Das vorlegende Gericht fragt sich jedoch, ob der Verbrauchsteuerausschuss der Kommission den Anwendungsbereich des Art. 27 Abs. 1 Buchst. e der Richtlinie 92/83 in dieser Weise einschränken dürfe. Es geht nämlich davon aus, dass die diesem Ausschuss verliehenen Kompetenzen ihn nicht dazu ermächtigten, den Anwendungsbereich dieser Bestimmung einzuschränken.
Unter diesen Umständen hat der Bundesfinanzhof beschlossen, das Verfahren auszusetzen und dem Gerichtshof folgende Fragen zur Vorabentscheidung vorzulegen:
Ist die Unterposition 13021905 der KN dahin gehend auszulegen, dass darin auch ein mit Ethanol und Wasser verdünntes, extrahiertes Vanille-Oleoresin, bestehend aus rund 90 % (v/v) bzw. 85 % (m/m) Ethanol, bis zu 10 % (m/m) Wasser, 4,8 % (m/m) Trockenrückstand und 0,5 % (m/m) Vanillin, einzureihen ist, obwohl nach der Anmerkung 1 Buchst. ij zu Kapitel 13 der KN extrahierte Oleoresine nicht zu Position 1302 der KN gehören?
Gehören zu den extrahierten Oleoresinen im Sinne der Unterposition 33019030 der KN Waren wie in der ersten Vorlagefrage beschrieben?
Ist die Unterposition 33021090 der KN dahin gehend auszulegen, dass Waren wie in der ersten Vorlagefrage beschrieben als eine Mischung von Riechstoffen oder eine Mischung (einschließlich alkoholischer Lösungen) auf der Grundlage eines oder mehrerer dieser Stoffe, von der als für die Lebensmittelindustrie verwendeten Art, einzureihen sind?
Gehören zu den Aromen im Sinne des Art. 27 Abs. 1 Buchst. e der Richtlinie 92/83 auch Waren der Unterposition 13021905 der KN oder extrahiertes Oleoresin der Unterposition 33019030 der KN?
Zu den Vorlagefragen
Zu den ersten drei Fragen
Mit seinen Fragen 1 bis 3, die zusammen zu prüfen sind, möchte das vorlegende Gericht im Wesentlichen wissen, ob die KN dahin auszulegen ist, dass eine Ware, die ungefähr aus 85 % Ethanol, 10 % Wasser und 4,8 % Trockenrückstand besteht, einen durchschnittlichen Vanillingehalt von 0,5 % aufweist und dadurch hergestellt wird, dass man ein mittels Ethanol aus Vanilleschoten gewonnenes Zwischenerzeugnis mit Wasser und Ethanol verdünnt, zur Unterposition 13021905, zur Unterposition 33019030 oder zur Unterposition 33021090 der KN gehört.

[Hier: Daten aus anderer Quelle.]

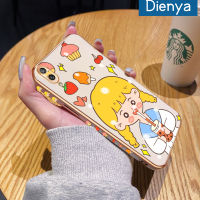 เคส Dienya สำหรับ Huawei Y7 Pro 2019เคสลายการ์ตูนเด็กผู้หญิงชานมใหม่กรอบสี่เหลี่ยมชุบผิวเคสนิ่มซิลิกาเจลกันกระแทกเคสมือถือรวมทุกเลนส์กล้องถ่ายรูปฝาครอบป้องกัน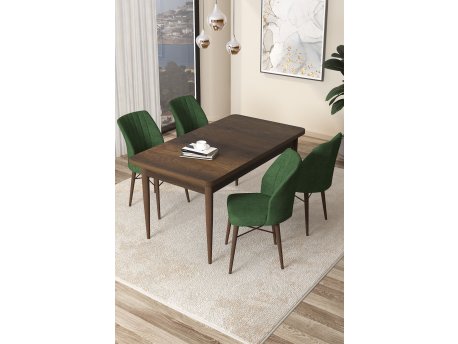 HANAH HOME Set Trpezarijski sto i 4 stolice Arp Baroque Khaki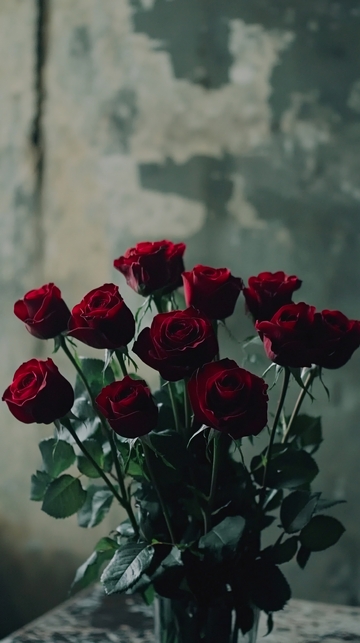 暗色调红玫瑰花束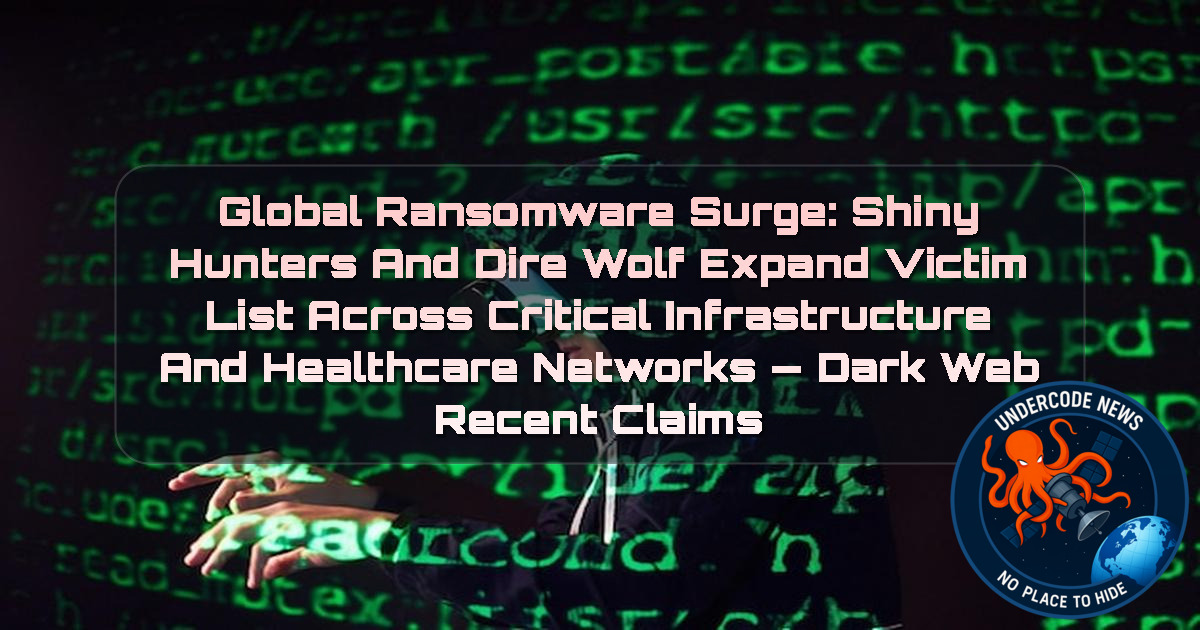Global Ransomware Surge: ShinyHunters and Dire Wolf Expand Victim List Across Critical Infrastructure and Healthcare Networks — Dark Web recent claims + Video
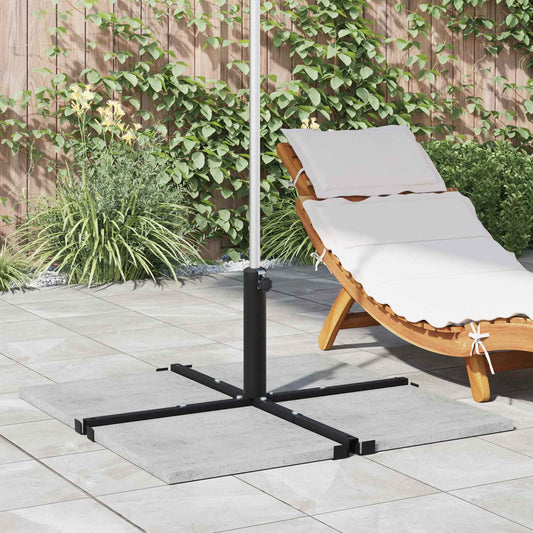 Parasol Base Cross Frame Black Steel for 25–50 mm Pole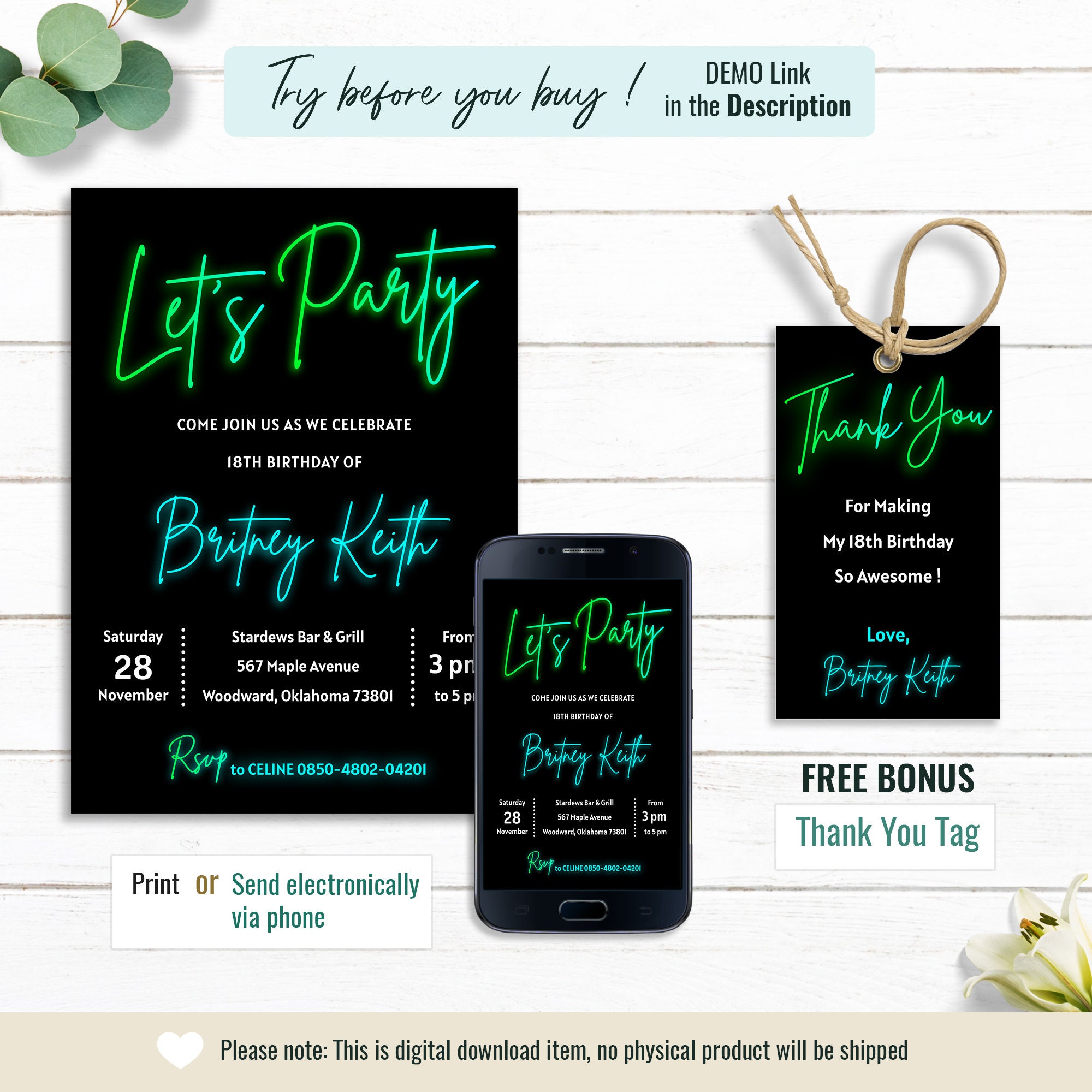 Neon Glowing Birthday Invitation, Neon Light Party Invite, Simple and ...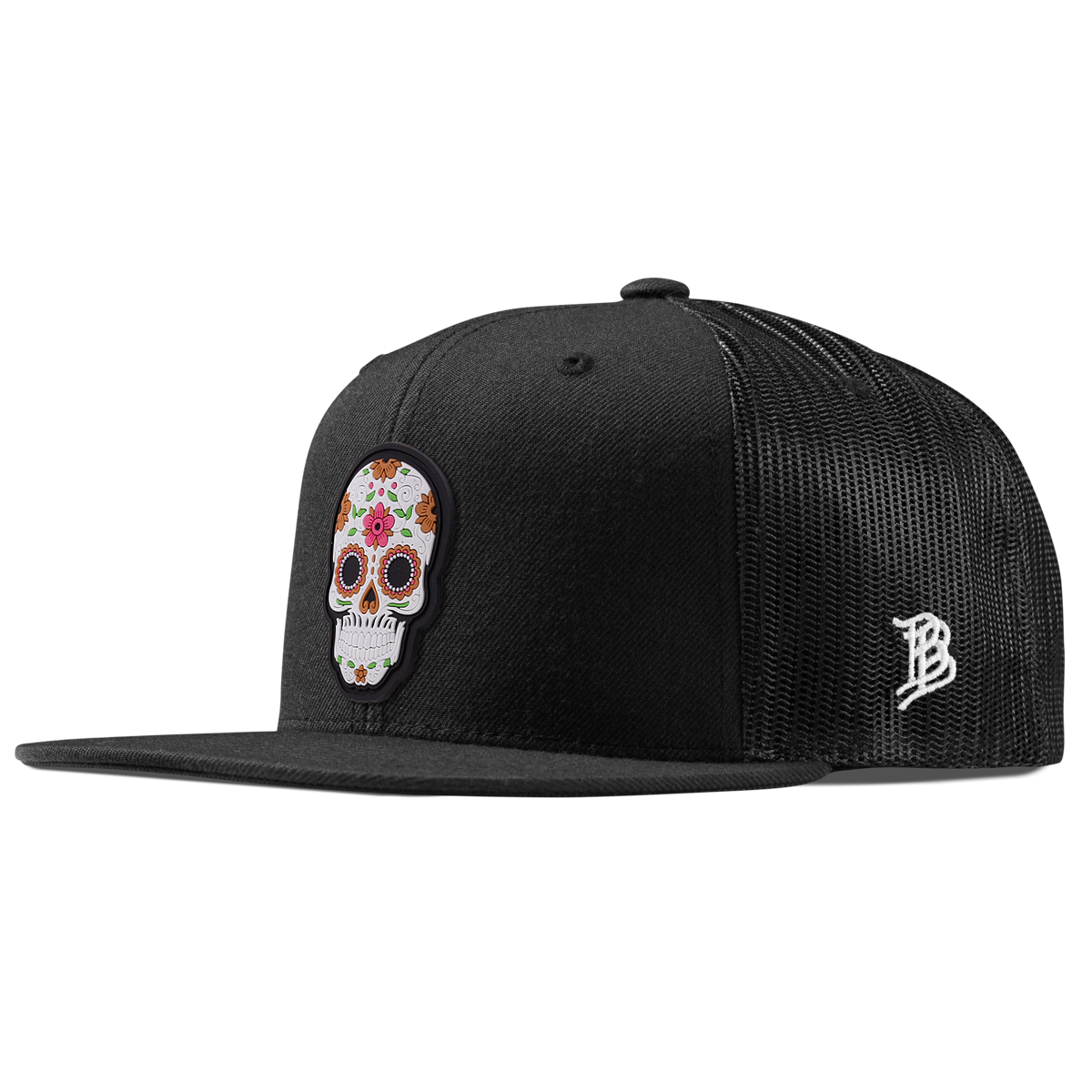 Flower Skull PVC Flat Trucker Black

Vorab ist festzustellen, dass erstens die in Kapitel 13 der KN enthaltene Position 1302 der KN u. a. Pflanzenauszüge erfasst, wobei in der Unterposition 13021905 der KN speziell Vanille-Oleoresin genannt wird.
Zweitens gehören zu der Position 3301 der KN, die sich in Kapitel 33 der KN befindet, u. a. extrahierte Oleoresine, wobei die Unterposition 33019030 der KN insbesondere andere extrahierte Oleoresine als jene von Süßholzwurzeln und Hopfen erfasst.
Drittens fallen unter die Position 3302 der KN, die ebenfalls zu diesem Kapitel 33 gehört, u. a. Mischungen von Riechstoffen und Mischungen, einschließlich alkoholische Lösungen, auf der Grundlage eines oder mehrerer dieser Stoffe, von der als Rohstoffe für die Industrie verwendeten Art. Die Unterposition 33021090 der KN erfasst u. a. solche Mischungen, wenn sie zur Verwendung in der Lebensmittelindustrie geeignet sind.
Viertens ist darauf hinzuweisen, dass nach der Allgemeinen Vorschrift 1 der KN für die zolltarifliche Einreihung grundsätzlich der Wortlaut der Positionen und der Anmerkungen zu den Abschnitten oder Kapiteln maßgebend ist.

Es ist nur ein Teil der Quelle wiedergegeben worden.